Source data -

*** Block opens ***

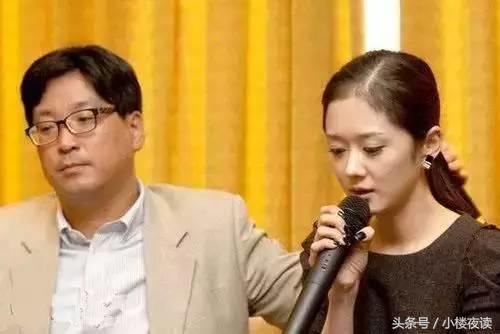 看到职业装的赵丽颖，网友们又想起与颖宝神似却被娱乐圈封杀的她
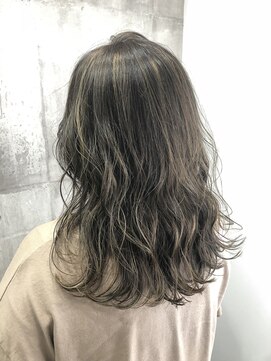 ジャイロヘア(gyro hair) ハイライトカラー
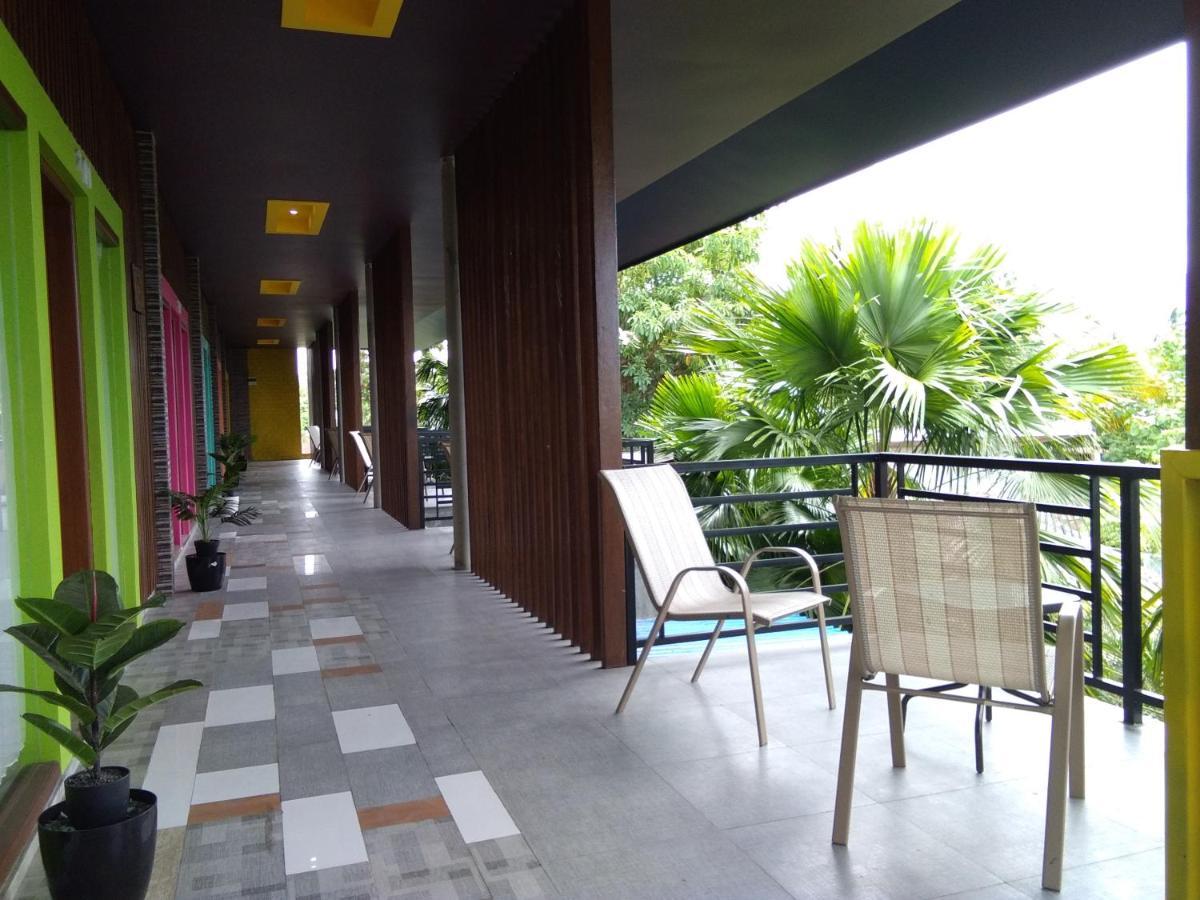 Lawaka Hotel Ampana Kültér fotó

*** Block closes ***

Action item - Reproduce the material above in full, exactly, with no images.

Exercise answer -
 看到职业装的赵丽颖，网友们又想起与颖宝神似却被娱乐圈封杀的她
 ジャイロヘア(gyro hair) ハイライトカラー
 Lawaka Hotel Ampana Kültér fotó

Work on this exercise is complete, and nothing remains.